Key Terms: motion to dismiss; non-compete; non-solicitation; trade secrets; implied contract; quantum meruit; misappropriation of trade secrets; fraud; Rule 9(b); unfair and deceptive trade practices

Defendant Bostick was originally hired by CorTek, Inc. and signed a non-competition agreement prohibiting Bostick from working for a competitor for a two-year period following termination. CorTek later sold its assets to Plaintiff Box Company of America, LLC and assigned Bostick’s non-competition agreement to Plaintiff. Bostick worked for Plaintiff as a key sales employee for about a year before resigning and obtaining new employment with a competitor. After Plaintiff became aware of Bostick soliciting customers with whom he had working during his employment with Plaintiff, Plaintiff filed suit asserting various claims arising from Bostick’s alleged breach of the non-competition agreement and misappropriation of trade secrets. Bostick moved to dismiss all claims.

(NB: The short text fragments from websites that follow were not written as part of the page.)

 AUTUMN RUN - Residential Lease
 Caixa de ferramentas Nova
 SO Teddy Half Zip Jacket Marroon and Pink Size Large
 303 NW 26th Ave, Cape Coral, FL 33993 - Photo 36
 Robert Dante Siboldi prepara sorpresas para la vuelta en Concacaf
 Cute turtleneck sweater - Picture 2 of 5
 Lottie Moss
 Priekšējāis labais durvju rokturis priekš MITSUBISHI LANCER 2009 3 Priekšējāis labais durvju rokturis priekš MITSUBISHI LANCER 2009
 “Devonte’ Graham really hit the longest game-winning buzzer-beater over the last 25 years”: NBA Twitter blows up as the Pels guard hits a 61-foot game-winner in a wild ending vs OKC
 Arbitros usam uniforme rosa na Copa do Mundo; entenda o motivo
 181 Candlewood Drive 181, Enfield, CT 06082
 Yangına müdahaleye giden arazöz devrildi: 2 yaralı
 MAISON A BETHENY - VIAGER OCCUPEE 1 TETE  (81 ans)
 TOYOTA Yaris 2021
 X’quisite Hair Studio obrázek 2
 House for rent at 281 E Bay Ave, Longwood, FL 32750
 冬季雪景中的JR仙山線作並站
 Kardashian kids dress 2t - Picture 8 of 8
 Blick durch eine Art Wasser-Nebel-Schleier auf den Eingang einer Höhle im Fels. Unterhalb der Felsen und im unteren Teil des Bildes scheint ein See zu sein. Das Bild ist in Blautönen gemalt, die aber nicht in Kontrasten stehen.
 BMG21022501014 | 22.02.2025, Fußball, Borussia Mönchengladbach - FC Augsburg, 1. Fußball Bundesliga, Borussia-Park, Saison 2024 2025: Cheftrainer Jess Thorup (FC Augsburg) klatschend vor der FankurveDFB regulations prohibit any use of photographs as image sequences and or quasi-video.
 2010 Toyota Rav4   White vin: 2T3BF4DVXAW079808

Breach of Contract: Non-Competition Agreement.  The Court concluded that the non-competition agreement was unenforceable because it prohibited activity in a particular industry in any capacity. The Court declined to consider parol evidence of the parties’ intent because the contract language was not ambiguous or to “blue-pencil” different terms into the agreement. The Court dismissed this claim with prejudice.

Breach of Contract: Confidentiality Agreement.  The Court dismissed, without prejudice, Plaintiff’s breach of contract claim for keeping Plaintiff’s proprietary information confidential because no written agreement existed and Plaintiff failed to adequately allege the existence of such agreement or its terms.

Breach of Implied Covenant of Good Faith and Fair Dealing. Where a claim for breach of the implied covenant of good faith and fair dealing is part and parcel with a breach of contract claim, they rise or fall together. Since the Court had dismissed the breach of contract claims, it also dismissed without prejudice the breach of the implied covenant of good faith and fair dealing claim.

Breach of Implied Contract. The Court dismissed this claim as the complaint was too vague and failed to adequately allege any implied-in-fact contract or the appropriate elements for quantum meruit.

Misappropriation of Trade Secrets. The Court dismissed this claim because Plaintiff failed to allege what reasonable protections it undertook to protect its trade secrets or how Defendant misappropriated any such trade secret.

Fraud. The Court dismissed Plaintiff’s fraud claim because Plaintiff largely failed to allege when the misrepresentations at issue were specifically made, thereby failing to comply with Rule 9(b)’s heightened pleading standard. Further, unfulfilled promises of future intent are typically not actionable on a theory of fraud.

Unfair and Deceptive Trade Practices. The Court dismissed this claim because 1) the underlying fraud and trade secret misappropriation claims had been dismissed; and 2) disputes between an employer and employee do not typically give rise to UDTP liability.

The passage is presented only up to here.